Workout Journal – 2008 Personal Training Program Day 27
Program Day 27 (muscle group: Total Body – duration 1 hrs)
Warm up – Cross Trainer (20 minutes - 180 kcal target burn)
Total Body Endurance Circuit Training – EZ Barbell
Set 1
Squats (reps – 12, weight - 25 lbs)
Shoulder Press (reps – 12, weight – 25 lbs)
Upright Row (reps – 12, weight – 25 lbs)
Deadlift (reps – 12, weight – 25 lbs)
Bicep Curls (reps – 12, weight – 25 lbs)
Triceps Extension (reps – 12, weight 25 lbs)
Abs Crunches (reps – 30, weight – body weight)
Push Ups (reps – 10, weight – body weight)
Set 2
Squats (reps – 12, weight - 30 lbs)
Shoulder Press (reps – 12, weight – 30 lbs)
Static Lunges (reps – 12, weight – 30 lbs)
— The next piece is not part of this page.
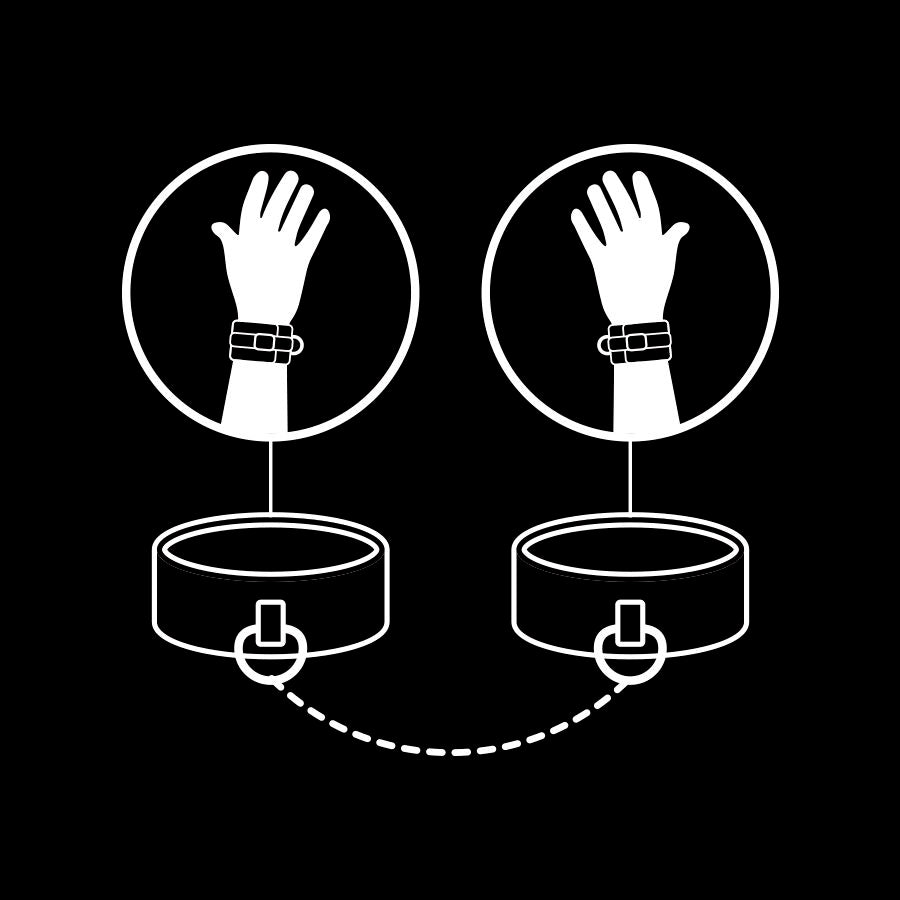 Fetish Submissive - Handschellen aus veganem Leder mit Noprene-Futter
Upright Row (reps – 12, weight – 30 lbs)
Deadlift (reps – 12, weight – 30 lbs)
Bicep Curls (reps – 12, weight – 30 lbs)
Triceps Skullcrusher (reps – 12, weight 30 lbs)
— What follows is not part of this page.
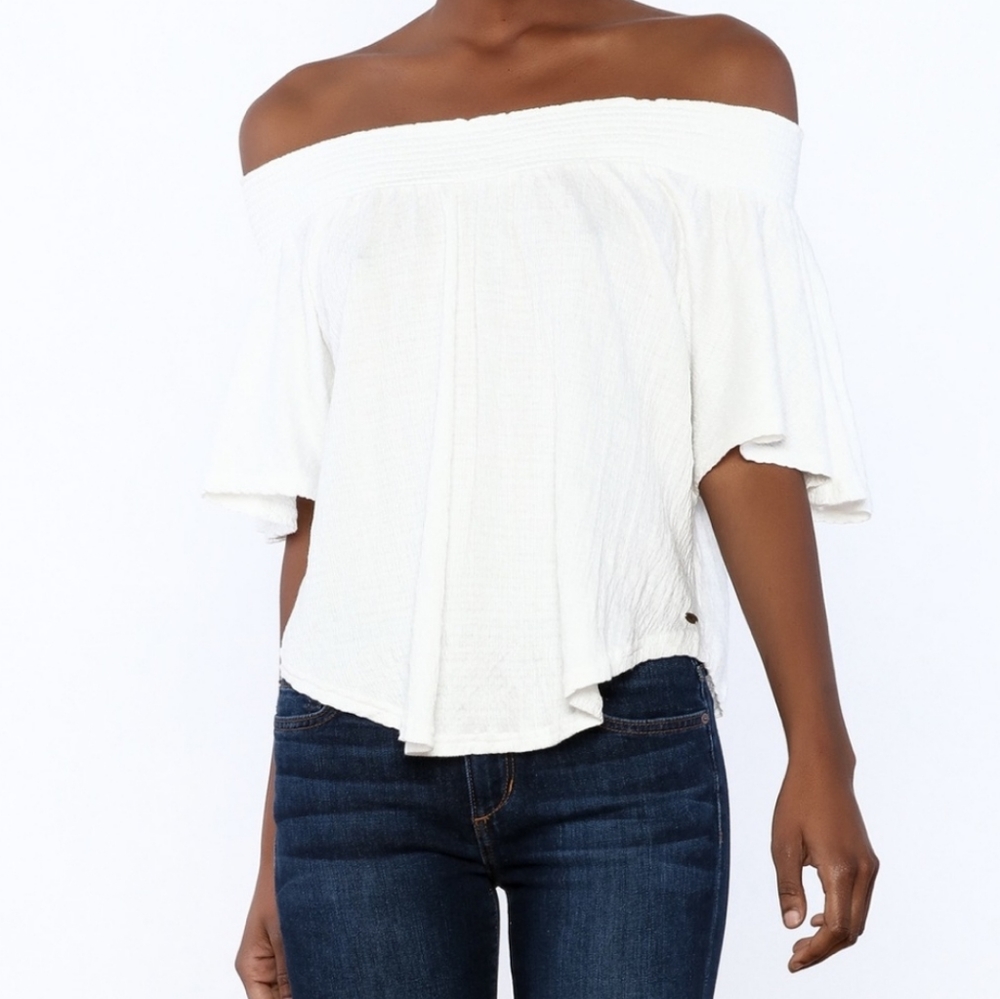 White Ruffled Off-Shoulder Blouse - Picture 2 of 2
Abs Crunches (reps – 30, weight – body weight)
Push Ups (reps – 20, weight – body weight)
Set 3
Squats (reps – 12, weight - 35 lbs)
Shoulder Press (reps – 12, weight – 35 lbs)
Static Lunges (reps – 12, weight – 35 lbs)
Upright Row (reps – 12, weight – 35 lbs)
Deadlift (reps – 12, weight – 35 lbs)
Bicep Curls (reps – 12, weight – 35 lbs)
Triceps Skullcrusher (reps – 12, weight - 35 lbs)
Abs Crunches (reps – 30, weight – body weight)
Push Ups (reps – 30, weight – body weight)
Abs
Abs Crunch Bench (reps – 30/30/30, weight – body weight)
Note:
This was my last PT session with my trainer. It was quite sad to know that the journey that we started way back in January has finally came to the last workout session with PT. To say that I have reaped many benefits from the training program would definitely be an understatement given the changes that I have gone through these past months since I started the program. Not only do I now see improvements physically compared to how I was in January, I also gained a lot of knowledge from the experience.
Moving ahead, I would be using my own programs which are a combination of the exercises that I have gone through with my PT as well as RPM sessions thrown in for my cardio. My PT and I have also discussed what areas I should try to develop more and which exercises I could do by myself. I have to maintain a balance between weight training and my cardio since I want to both bulk up and lose fat in the days to come. Staying on a 4 days on, 3 day off gym schedule per week currently works best for me so I don’t foresee that changing after my PT sessions. I have been able to stay disciplined enough to follow through with that fixed schedule.
My PT will still be at the gym should I need some advise so I could look him out if I needed help in the future. I can always ask to train again with him in the future should I decide to sign up for another block of PT sessions. At the moment, I want to try out working out without a PT to see if I can match or exceed the gains that I’ve seen while under the PT program. It would definitely be a challenge without a PT as a spotter to tackle the heavier weights that I’ve attempted while in the program but I could get the same benefits with more reps on lower weights that I can handle by myself.
I have to say that my workout experience with a PT has been very positive. I have not had any problems with him and generally very satisfied with the way he guided me and the progression that we went through with each sessions. More importantly, I could see measurable gains that I got from enrolling myself in the gym’s PT sessions. I would definitely recommend it to someone looking to make changes in their workout but it also boils down to how dedicated you are to stick to the program. It’s very easy to give up when it starts to feel too hard but once you get past the first bump in the road and realize that you have it in you to do it, the next bump would not seem too daunting.
2 comments:
Hi Nick. As u end your PT session, I'd just started my gym exercise. I'd joined gym for one month, and work out on my own. Trying to trim down my tummy and to beef up my chest. hehe.
Hiya Josh!
Welcome to the world of gymming ... hehehe :) Which gym do you go to?
Do your cardio exercises and keep to a proper diet to trim your tummy. As for your chest, the machines and free weights would definitely be the way to go. Since you do swim, that would also help in terms of getting the chest area developed. Not only chest but shoulders and back get a workout from swimming.
Stick to it and you may end up with a swimmer's build! Good luck!